San Rafael, Mendoza miércoles 03 de diciembre de 2025

Un vuelo sobre entomología cultural – Por:. Beatriz Genchi

La presencia del insecto puede rastrearse prácticamente en la historia de todas las civilizaciones. Pero ciertamente es curiosa la manera en que han acompañado a los humanos también en un plano espiritual, en tantos lugares y tiempos distintos. Porque su presencia también se aboca a un plano menos científico, encontrándose en muchas mitologías, lo que implica a su vez que aparezca en la literatura y el arte.

Es el caso de la historia cultural de Japón, donde los ejemplos son abundantes: la aparición del insecto en el haikú, el arte pictórico (en particular en el sumi-e y el ukiyo-e), la narrativa y la animación tradicional.

Pero, esta presencia no solo se hizo fuerte en la poesía. Muchas veces, versos de métricas similares al haiku acompañaron pinturas de la época, desde los tiempos en que la técnica del sumi–e, proveniente de China, comenzó a tener adeptos en Japón. Entre motivos naturales, nuevamente el insecto vuelve a tener un rol fundamental, muchas veces acompañando composiciones visuales que se enfocan en el follaje natural o en animales, y otras también protagonizando la escena.

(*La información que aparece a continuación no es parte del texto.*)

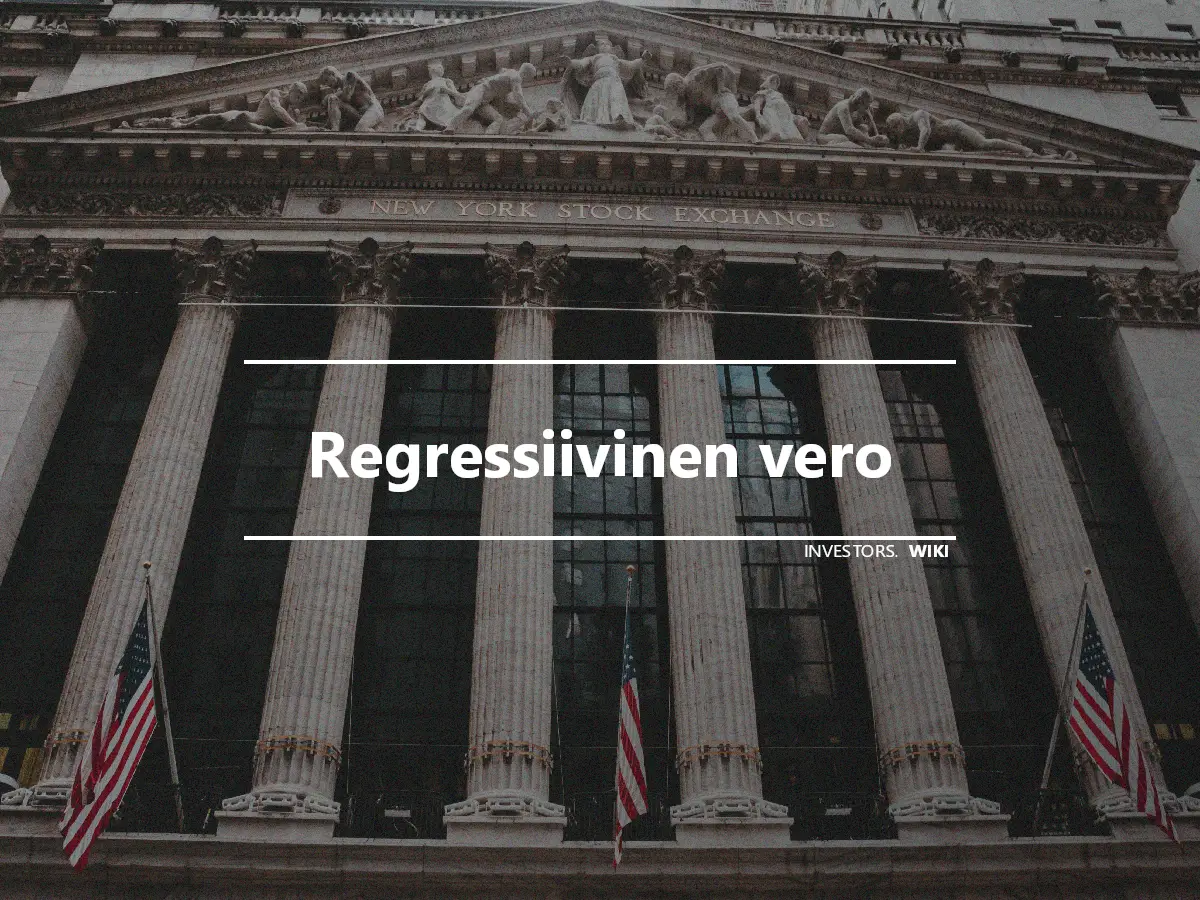 Regressiivinen vero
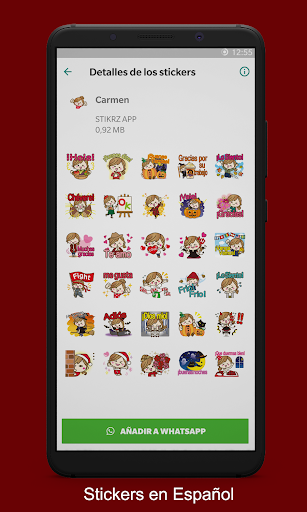 STIKRZ - Stickers Packs in Spanish for WhatsApp - Image screenshot of android app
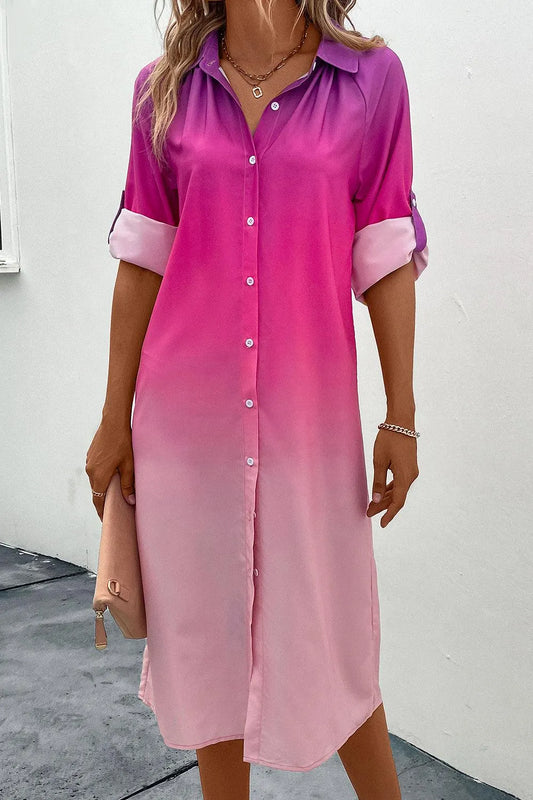 Get Noticed in a Hot Pink Shirt Dress - Shop Now! Jewelry Bubble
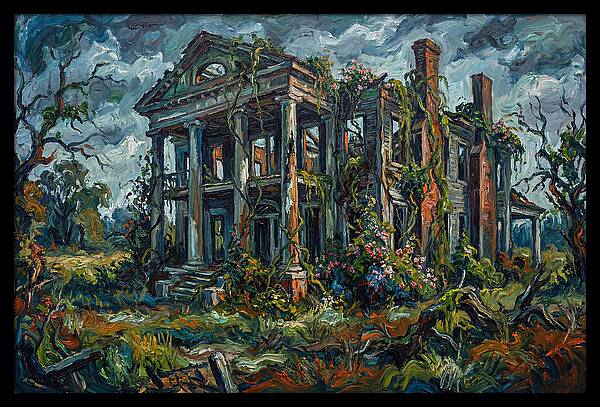 Plantation Ruins Overgrown Beauty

Vale mencionar que es difícil nombrar artistas particulares de sumi-e por la distancia temporal que significa, ya que hablamos de los primeros siglos de nuestro milenio, porque resultaría un poco errado; en aquellas circunstancias, y en el continente asiático, el trabajo artístico tenía otros significados y fines, frente a los cuales poco importaba el éxito o la “carrera” del artista. Producto de ello, muchas de estas pinturas figuran con autoría anónima. Mejor sugerir lo que, a un simple vistazo, cualquiera puede apreciar y luego imaginar. De este modo, el insecto, una criatura en aquel entonces tan misteriosa, con muchas características imposibles de estudiar sin herramientas más avanzadas, se dejó ver como el modelo perfecto.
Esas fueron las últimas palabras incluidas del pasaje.